Over the next few weeks, though, the 26-year-old outfielder from Dallas, Texas will be trying to land a job in a foreign land. That might not seem all that groundbreaking at a glance, given that ballplayers light out to Latin America, Asia or even Europe for a chance to stay in the game.
Collins, though, is breaking all new ground. He’s not just going to a foreign country but also to an entirely foreign game: cricket.
Collins will be spending the month of December in Bangalore, the capital of state of Karnataka, where he’s hoping to hit for six in workouts with scouts from teams in India’s professional league in attendance. He’s also hoping that he’ll be given a tryout and a contract at some point down the line.
“How this all will work with the timing I really don’t know just because it’s never been done before,” he says.
It might sound like an entirely quixotic adventure but at least someone in the industry thinks he has a chance: Cricket Store Online signed Collins to an endorsement deal before he had packed his bags for India.
All of it is enough to set Collins’s head spinning like a well-placed beamer (cricket’s head-high brushback for those as new to the game as Collins).
“I never knew anything about cricket until a year or so ago,” Collins said. “That’s when I was approached by Julien [Fountain].”
Fountain had a well-established reputation as a cricket coach who has worked with national teams and club sides in virtually every nation where the game is played, from powerhouses such as Australia and his native England, to minnows such as Ireland and Canada.
What makes him unique among cricketers is that he has not only played and coached the game at the international level but also done the same in baseball. He played for United Kingdom’s national teams and tried out for the Royals, the White Sox and the Mets.
Last winter he founded T20, a project that will take minor-leaguers at the end of their careers and try to repurpose their skills to play in pro leagues around the world. He launched a website registry for interested players and says he’s in the process of setting up training camps.
Not that T20 is entirely untested. In South Korea a few years ago Fountain had runaway success with taking an entire team of former elite baseball players and turning them into a national team that made the quarterfinals of the Asian Games.
When I spoke to Fountain back in the spring, he told me that he had talked to Collins and as many as 50 other minor leaguers who had expressed interest in crossing over to cricket. And he was convinced that, in time, he was not going to be limited to recruiting players only after they had been released by their organizations. He was positively evangelical about T20.
“Players are paid for poorly and treated so unfairly and given so little real opportunity to advance [in minor-league baseball], a chance to play professional cricket will give them a chance to earn a living through the skills they’ve spent years acquiring,” Fountain said.
Fountain had spoken to a couple of other players in the Jays’ organization, but it was Collins who emerged as the best candidate to take the T20 experiment to the next stage. Last off-season Collins told me that he wanted to keep his interest in cricket and Fountain’s project on the down low for fear that the Blue Jays might not appreciate him investigating other career options while under contract. With his release, however, Collins is ready to dive in.

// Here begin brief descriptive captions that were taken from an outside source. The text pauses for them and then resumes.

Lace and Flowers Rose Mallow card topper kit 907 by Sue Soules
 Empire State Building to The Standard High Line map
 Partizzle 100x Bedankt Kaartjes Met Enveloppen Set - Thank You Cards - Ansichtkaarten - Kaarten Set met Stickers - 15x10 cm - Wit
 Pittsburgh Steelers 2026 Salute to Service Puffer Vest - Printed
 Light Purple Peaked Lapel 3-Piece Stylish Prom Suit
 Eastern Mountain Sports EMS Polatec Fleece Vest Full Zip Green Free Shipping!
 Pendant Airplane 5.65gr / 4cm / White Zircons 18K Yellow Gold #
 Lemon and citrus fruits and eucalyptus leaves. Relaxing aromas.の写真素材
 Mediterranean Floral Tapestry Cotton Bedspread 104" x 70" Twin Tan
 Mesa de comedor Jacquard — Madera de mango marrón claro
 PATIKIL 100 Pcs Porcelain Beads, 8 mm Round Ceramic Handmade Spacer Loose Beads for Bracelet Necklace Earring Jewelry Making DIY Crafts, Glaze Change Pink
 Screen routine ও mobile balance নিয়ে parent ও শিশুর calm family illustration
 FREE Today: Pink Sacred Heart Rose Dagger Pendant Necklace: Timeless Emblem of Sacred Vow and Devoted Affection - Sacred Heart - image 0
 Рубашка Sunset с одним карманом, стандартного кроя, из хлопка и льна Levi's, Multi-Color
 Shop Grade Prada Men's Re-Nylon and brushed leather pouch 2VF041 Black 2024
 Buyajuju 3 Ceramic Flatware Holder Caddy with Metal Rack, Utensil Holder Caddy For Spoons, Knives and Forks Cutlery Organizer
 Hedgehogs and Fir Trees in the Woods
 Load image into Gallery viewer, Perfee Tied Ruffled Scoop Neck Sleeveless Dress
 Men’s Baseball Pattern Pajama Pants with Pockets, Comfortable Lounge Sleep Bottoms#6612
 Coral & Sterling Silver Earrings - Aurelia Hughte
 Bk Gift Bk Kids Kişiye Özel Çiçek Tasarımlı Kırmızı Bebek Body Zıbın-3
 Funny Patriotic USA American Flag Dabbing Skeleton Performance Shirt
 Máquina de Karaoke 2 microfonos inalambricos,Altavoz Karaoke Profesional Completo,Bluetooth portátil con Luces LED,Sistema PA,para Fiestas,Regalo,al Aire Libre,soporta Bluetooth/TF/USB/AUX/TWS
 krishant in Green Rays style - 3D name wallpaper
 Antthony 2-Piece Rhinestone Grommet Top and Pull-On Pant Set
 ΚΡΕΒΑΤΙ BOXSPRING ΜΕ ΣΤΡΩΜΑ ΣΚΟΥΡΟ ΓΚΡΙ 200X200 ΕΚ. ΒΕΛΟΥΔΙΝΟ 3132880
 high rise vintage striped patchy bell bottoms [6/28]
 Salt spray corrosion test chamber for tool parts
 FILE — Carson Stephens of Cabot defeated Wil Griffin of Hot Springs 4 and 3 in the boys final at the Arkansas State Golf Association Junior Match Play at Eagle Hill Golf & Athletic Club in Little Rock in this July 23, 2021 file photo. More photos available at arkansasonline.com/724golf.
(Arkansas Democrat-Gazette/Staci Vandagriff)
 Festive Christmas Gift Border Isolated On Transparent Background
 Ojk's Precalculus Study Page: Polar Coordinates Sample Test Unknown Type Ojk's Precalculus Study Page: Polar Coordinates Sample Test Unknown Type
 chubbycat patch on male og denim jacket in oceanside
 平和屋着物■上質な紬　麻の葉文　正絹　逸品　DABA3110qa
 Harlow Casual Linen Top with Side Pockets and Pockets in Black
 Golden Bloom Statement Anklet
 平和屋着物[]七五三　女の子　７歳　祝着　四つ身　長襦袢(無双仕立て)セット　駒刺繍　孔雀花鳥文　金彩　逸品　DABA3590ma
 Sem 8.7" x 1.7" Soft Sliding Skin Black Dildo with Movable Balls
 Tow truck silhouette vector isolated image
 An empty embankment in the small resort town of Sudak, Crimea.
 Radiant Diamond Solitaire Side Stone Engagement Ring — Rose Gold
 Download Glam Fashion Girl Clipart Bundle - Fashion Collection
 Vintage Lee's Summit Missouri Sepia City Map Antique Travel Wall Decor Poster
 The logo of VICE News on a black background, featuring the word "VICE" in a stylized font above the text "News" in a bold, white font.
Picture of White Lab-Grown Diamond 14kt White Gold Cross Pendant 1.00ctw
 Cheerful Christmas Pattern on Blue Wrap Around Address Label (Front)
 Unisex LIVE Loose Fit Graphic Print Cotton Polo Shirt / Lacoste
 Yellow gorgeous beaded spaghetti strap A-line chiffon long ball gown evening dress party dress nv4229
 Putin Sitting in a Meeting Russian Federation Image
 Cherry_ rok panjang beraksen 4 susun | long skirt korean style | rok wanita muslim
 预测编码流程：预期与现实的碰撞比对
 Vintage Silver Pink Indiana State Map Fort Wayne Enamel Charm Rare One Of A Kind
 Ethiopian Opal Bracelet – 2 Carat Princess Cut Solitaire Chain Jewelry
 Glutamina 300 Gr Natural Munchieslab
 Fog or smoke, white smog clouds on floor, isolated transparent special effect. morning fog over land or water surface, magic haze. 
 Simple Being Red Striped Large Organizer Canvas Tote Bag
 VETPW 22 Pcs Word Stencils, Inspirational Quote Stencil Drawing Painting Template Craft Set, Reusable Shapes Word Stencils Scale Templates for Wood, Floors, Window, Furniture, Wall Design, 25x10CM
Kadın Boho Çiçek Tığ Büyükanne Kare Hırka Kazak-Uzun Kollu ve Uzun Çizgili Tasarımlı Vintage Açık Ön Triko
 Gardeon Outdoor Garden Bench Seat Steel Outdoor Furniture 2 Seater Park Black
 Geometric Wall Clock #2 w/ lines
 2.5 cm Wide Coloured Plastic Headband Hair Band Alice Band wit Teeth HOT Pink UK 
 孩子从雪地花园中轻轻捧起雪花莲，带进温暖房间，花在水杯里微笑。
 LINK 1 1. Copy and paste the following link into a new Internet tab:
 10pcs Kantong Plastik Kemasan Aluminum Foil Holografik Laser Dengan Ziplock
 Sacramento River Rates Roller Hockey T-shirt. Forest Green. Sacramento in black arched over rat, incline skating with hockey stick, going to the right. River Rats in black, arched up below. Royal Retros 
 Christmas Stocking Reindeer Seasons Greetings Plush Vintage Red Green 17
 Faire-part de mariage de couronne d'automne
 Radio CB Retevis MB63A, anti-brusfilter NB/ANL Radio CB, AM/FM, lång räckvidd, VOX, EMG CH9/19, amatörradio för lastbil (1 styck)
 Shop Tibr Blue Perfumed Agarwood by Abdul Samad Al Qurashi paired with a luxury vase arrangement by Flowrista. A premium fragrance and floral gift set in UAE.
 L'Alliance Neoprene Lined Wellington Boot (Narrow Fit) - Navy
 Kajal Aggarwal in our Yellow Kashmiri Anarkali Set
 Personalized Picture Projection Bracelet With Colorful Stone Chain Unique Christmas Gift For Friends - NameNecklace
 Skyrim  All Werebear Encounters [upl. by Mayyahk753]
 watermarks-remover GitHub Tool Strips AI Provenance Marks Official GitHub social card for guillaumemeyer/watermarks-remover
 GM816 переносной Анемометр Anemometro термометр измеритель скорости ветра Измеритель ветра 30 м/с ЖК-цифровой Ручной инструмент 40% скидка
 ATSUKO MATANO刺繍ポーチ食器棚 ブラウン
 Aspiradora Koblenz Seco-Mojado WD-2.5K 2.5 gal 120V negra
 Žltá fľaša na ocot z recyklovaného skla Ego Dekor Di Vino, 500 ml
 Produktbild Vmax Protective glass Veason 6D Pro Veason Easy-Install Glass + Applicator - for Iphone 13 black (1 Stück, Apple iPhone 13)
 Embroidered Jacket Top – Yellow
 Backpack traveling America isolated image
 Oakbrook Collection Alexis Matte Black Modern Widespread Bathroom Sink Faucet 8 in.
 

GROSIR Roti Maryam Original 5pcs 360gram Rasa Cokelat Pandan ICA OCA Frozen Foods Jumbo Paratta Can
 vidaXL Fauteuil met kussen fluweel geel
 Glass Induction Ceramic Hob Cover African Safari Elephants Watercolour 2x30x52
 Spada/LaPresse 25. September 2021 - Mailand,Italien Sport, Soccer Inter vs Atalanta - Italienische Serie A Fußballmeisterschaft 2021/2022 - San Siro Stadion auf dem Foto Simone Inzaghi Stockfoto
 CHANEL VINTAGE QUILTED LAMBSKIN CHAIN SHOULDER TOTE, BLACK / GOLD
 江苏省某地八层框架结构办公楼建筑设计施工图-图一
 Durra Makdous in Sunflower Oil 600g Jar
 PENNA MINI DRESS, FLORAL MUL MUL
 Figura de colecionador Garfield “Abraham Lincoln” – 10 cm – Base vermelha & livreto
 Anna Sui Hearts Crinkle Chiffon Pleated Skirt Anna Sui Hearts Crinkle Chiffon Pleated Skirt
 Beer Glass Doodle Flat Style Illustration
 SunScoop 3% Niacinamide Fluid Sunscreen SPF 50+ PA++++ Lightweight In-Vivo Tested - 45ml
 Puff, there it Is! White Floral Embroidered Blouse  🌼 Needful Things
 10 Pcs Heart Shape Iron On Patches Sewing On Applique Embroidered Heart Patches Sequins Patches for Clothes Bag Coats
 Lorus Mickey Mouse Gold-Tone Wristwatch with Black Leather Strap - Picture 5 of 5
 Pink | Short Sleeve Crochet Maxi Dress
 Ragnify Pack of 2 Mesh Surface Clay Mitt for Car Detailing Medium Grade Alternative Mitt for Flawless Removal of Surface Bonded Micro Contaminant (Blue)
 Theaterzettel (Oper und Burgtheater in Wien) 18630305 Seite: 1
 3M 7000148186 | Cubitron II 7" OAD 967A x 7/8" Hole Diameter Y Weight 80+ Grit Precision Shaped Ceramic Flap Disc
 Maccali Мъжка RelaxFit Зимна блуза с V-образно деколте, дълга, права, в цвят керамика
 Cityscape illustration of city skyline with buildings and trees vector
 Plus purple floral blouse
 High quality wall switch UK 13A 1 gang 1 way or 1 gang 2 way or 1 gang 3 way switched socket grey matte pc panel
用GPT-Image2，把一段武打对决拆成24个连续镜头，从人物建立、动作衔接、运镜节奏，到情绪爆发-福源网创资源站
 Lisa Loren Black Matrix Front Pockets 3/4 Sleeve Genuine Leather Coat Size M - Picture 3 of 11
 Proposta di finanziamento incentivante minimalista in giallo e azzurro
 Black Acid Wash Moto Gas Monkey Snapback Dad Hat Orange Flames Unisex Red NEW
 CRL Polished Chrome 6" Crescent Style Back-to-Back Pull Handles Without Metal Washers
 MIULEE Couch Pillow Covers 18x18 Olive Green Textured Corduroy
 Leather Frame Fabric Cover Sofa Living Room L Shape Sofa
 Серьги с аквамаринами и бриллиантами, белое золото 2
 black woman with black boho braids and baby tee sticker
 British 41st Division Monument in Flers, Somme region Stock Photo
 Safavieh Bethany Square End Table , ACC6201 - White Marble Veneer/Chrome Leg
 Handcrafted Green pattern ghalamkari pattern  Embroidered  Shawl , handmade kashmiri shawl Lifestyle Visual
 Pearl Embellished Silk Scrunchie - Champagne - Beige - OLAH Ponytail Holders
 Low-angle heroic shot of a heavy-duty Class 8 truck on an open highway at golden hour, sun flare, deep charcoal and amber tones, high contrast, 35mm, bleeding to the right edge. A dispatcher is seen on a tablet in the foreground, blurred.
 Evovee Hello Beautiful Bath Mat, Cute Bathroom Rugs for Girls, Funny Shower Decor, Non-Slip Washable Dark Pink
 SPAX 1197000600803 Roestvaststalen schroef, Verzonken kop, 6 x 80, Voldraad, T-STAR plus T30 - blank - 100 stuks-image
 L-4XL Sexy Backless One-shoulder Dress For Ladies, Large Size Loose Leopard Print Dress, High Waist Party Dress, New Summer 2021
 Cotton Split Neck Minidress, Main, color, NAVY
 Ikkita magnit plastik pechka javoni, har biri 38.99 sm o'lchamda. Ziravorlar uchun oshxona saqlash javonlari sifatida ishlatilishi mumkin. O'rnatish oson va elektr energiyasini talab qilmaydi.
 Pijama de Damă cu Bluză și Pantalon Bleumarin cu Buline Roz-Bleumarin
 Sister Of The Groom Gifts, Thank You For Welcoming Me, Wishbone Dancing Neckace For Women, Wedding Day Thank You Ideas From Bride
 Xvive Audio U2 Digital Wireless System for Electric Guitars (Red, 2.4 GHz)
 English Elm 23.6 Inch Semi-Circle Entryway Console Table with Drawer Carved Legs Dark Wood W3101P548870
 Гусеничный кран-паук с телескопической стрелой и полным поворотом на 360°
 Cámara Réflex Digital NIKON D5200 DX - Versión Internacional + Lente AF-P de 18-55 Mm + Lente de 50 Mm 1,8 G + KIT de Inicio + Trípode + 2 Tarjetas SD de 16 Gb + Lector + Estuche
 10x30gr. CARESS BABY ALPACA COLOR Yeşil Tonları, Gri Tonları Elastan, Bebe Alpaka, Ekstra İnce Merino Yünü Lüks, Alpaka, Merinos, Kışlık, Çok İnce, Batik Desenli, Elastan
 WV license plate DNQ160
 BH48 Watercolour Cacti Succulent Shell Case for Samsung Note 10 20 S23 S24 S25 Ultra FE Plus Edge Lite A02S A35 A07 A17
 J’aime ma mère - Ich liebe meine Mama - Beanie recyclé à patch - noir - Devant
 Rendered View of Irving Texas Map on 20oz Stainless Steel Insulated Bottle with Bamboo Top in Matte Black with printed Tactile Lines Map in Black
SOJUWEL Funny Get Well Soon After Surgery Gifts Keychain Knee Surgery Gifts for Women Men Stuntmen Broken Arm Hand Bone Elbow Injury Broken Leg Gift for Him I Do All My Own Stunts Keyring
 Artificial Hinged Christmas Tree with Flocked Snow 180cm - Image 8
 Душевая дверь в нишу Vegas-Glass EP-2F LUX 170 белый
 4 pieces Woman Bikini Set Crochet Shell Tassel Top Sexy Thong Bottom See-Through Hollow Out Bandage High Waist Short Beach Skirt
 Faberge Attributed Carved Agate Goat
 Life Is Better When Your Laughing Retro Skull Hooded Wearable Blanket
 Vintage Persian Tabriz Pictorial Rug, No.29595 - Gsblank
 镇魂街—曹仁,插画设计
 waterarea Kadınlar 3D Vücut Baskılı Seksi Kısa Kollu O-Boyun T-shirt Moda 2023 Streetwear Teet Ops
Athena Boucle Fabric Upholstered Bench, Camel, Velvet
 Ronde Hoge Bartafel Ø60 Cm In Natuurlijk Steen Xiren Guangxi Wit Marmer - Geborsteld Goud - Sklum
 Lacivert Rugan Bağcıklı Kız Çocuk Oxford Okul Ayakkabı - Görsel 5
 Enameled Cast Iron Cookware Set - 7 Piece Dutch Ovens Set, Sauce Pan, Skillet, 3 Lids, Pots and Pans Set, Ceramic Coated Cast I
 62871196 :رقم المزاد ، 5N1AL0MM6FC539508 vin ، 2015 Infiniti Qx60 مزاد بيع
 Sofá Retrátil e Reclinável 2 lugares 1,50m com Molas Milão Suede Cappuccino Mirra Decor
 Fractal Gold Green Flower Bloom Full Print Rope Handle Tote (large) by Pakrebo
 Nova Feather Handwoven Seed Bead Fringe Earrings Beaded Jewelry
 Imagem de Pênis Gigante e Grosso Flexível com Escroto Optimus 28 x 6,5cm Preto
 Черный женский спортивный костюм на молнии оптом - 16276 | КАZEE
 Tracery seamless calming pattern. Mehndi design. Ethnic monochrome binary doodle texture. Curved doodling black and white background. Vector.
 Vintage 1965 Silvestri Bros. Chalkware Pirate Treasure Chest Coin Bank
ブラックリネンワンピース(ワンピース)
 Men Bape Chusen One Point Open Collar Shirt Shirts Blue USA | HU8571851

He admits that the transition hasn’t exactly been seamless.
“The toughest adjustment is hitting a ball that’s bouncing and on the rise with spin,” Collins said. “But it’s an adjustment and if you have the hand-eye co-ordination to hit a round ball with a round bat in professional baseball, then you can adapt with practice and exposure. I think my skills defensively should translate quicker in the field—there’ll be some techniques and strategy where I’ll have a bit of a learning curve.”
Collins, who was featured in a Sportsnet Magazine story about the Blue Jays’ affiliate in the Gulf Coast League, knew he was up against it when he went undrafted after his senior season at Dallas Baptist in 2013 and signed on with the organization as a minor-league free agent at age 24. He had a chance to play pro ball, but, assigned to rookie league for his first full season, management never projected him to play in the majors.
In fact, if he hadn’t hit .300 and been named a GCL all-star that season, his pro career might have not have lasted longer than a summer. He went on to play a season in Vancouver and last year in Lansing but, unless another MLB organization steps up or he sees an opportunity with an independent-league team, he has played his last pro game on the diamond and is ready to cast his lot on the pitch.
Collins expresses no regret about not pursuing cricket earlier. “Maybe my skills would be different if I got an earlier start [in cricket], I suppose,” he says. “Still I enjoyed every game I played [in the Jays organization] and I don’t think 26 is too late to take up cricket. The one thing is that I’ve played a game professionally. I know what it’s like when the stakes are raised.”
Fountain gave Collins two pieces of advice that he says he’s going to stick to: “1. Don’t flip your bat when you hit for six. 2. Don’t drink the water.”